The music industry has been hit hard by the global pandemic, but it appears there’s still hope for emerging artists. And this time, we’re not talking about YouTube. This is 2021: everything new happens on TikTok.
Just a few days ago, the young Nathan Evans was still a struggling (or starving) artist, like millions (billions?) of others. He was already doing music, but had to post letters in order to… well, survive. Isn’t it common, especially for all our Californian readers?
Ed Sheeran has not (yet) joined Evans on his TikTok sea shanties series, but his future could look bright, actually. Since the postman has signed a deal with Polydor records, everything seems possible. But will it last?

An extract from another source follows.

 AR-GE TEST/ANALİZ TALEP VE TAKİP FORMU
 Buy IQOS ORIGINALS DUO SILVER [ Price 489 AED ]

The music industry is not doing well, and that was already the case before COVID-19. Streaming revenues are thin for most artists, and aside from super-big players, entertainers often need to create ventures to genuinely “live their dreams” in the long run. And for the smaller talents, having a regular job is most of the time absolutely essential, unless their family can fund recording sessions and video productions during several years, before a possible success.
On the edge of glory… for how long?
So we should be careful about the new Nathan Evans effect, which makes young people think they can become a superstar overnight, without too much effort. That could happen, in fact, when labels and music stores had their pocket full of money. Nowadays, even if streaming is driving music’s growth -which is great-, live music has suffered terribly and no one really knows when tours will be back.
Moreover, quick or immediate success is not always a good sign. Hundreds of musicians like Evans emerged the last ten or twenty years, and only a few survived after a couple of albums. Even when they were undoubtedly talented.
Still, it does bring hope, and a bit of joy, in our extremely troubled world. For this, we can thank Nathan.